Hello Bumblebee. Hello, Whisper !
I’ve had the pleasure of working with Bumblebee today.
Bumblebee provides pre-trained Neural Network models on top of Axon. It includes integration with 🤗 Models, allowing anyone to download and perform Machine Learning tasks with few lines of code.
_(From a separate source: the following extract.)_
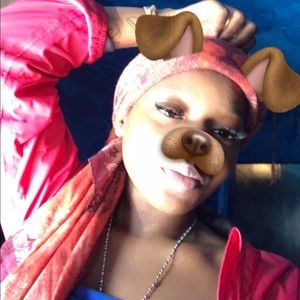 Meet your Posher, Quamirah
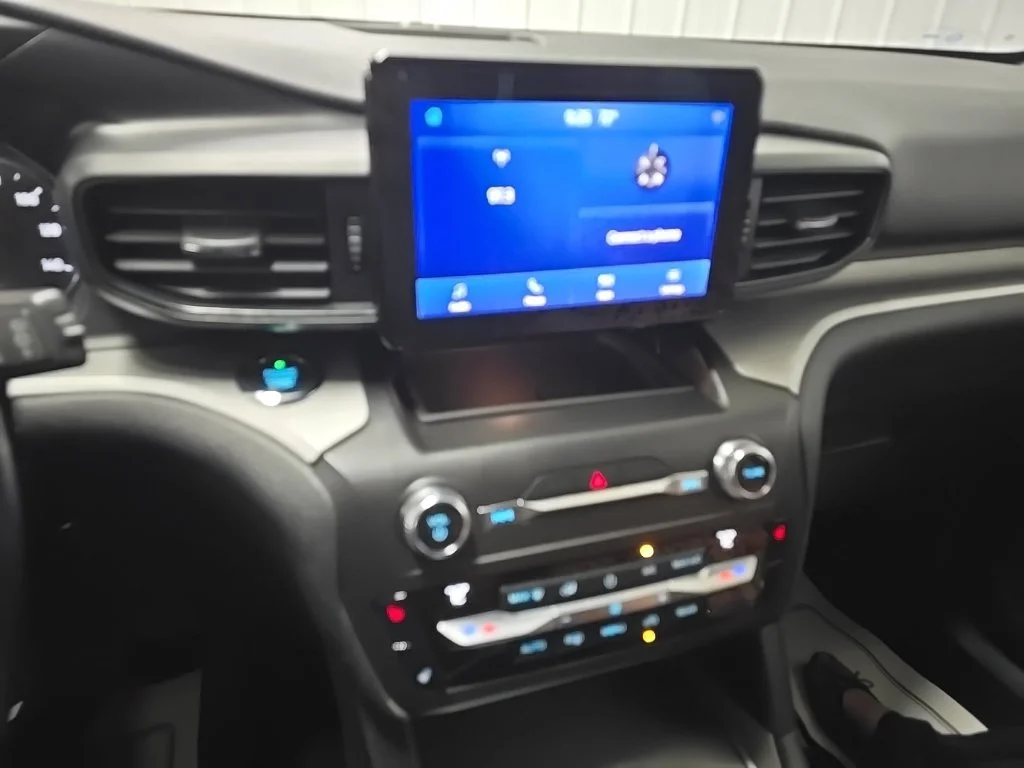 Used 2020 Green Ford XLT image 26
As amazing as it sounds to someone that did not try it yet (so, yesterday-me), that is actually the experience I got from it. I needed to transcribe audio, replacing a third party python solution that :
- Loads two 1.5GB models each, one for french, one for english
- Loads a third 300MB model for punctuation
- Spins up a server for the main application
- And another for the transcriber
- And another for the punctuator
- And uses docker-compose for that
- Everything talks over websockets to finally get a transcription
This is an Elixir module allowing me to transcribe audio using openai’s SOTA whisper model. It runs alongside my main application, not in tests, and can be configured away if the application administrator does not need to transcribe audio anymore.
defmodule Transcriber do
@moduledoc """
Nx serving for openai/whisper-small, allowing to transcribe audio.
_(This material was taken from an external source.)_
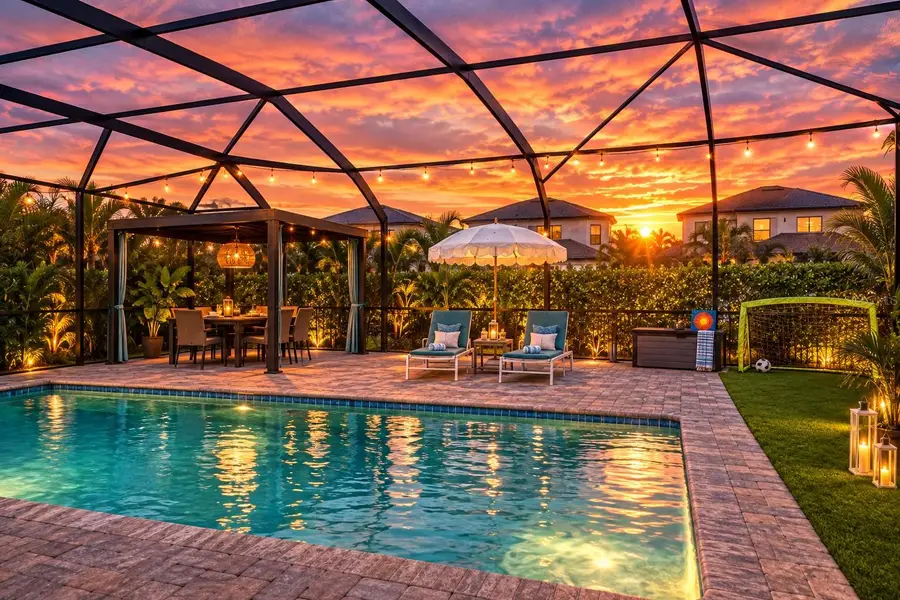 9113 Luna Lane, Sarasota, FL 34241 - #3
API : Transcriber.transcribe(file_path)
"""
use GenServer
def transcribe(file) do
GenServer.call(__MODULE__, {:transcribe, file}, :infinity)
end
@impl true
def init(_init_arg) do
{:ok, nil, {:continue, :load_models}}
end
def start_link(_) do
GenServer.start_link(__MODULE__, nil, name: __MODULE__)
end
@impl true
def handle_continue(:load_models, _state) do
{:ok, whisper} = Bumblebee.load_model({:hf, "openai/whisper-small"})
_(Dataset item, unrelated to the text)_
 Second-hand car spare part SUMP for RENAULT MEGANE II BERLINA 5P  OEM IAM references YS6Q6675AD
{:ok, featurizer} = Bumblebee.load_featurizer({:hf, "openai/whisper-small"})
{:ok, tokenizer} = Bumblebee.load_tokenizer({:hf, "openai/whisper-small"})
{:ok, generation_config} = Bumblebee.load_generation_config({:hf, "openai/whisper-small"})
serving =
Bumblebee.Audio.speech_to_text_whisper(whisper, featurizer, tokenizer, generation_config,
defn_options: [compiler: EXLA],
chunk_num_seconds: 30,
timestamps: :segments
)
{:noreply, serving}
end
@impl true
def handle_call({:transcribe, file}, _from, state) do
{:reply, Nx.Serving.run(state, {:file, file}), state}
end
end
What a joy ! I’m immensely thankful of the work done by the teams behind Bumblebee, Nx and the general machine-learning Elixir ecosystem allowing us to tap into that kind of resource with elegance and coherence, properly integrating with the rest of our solutions.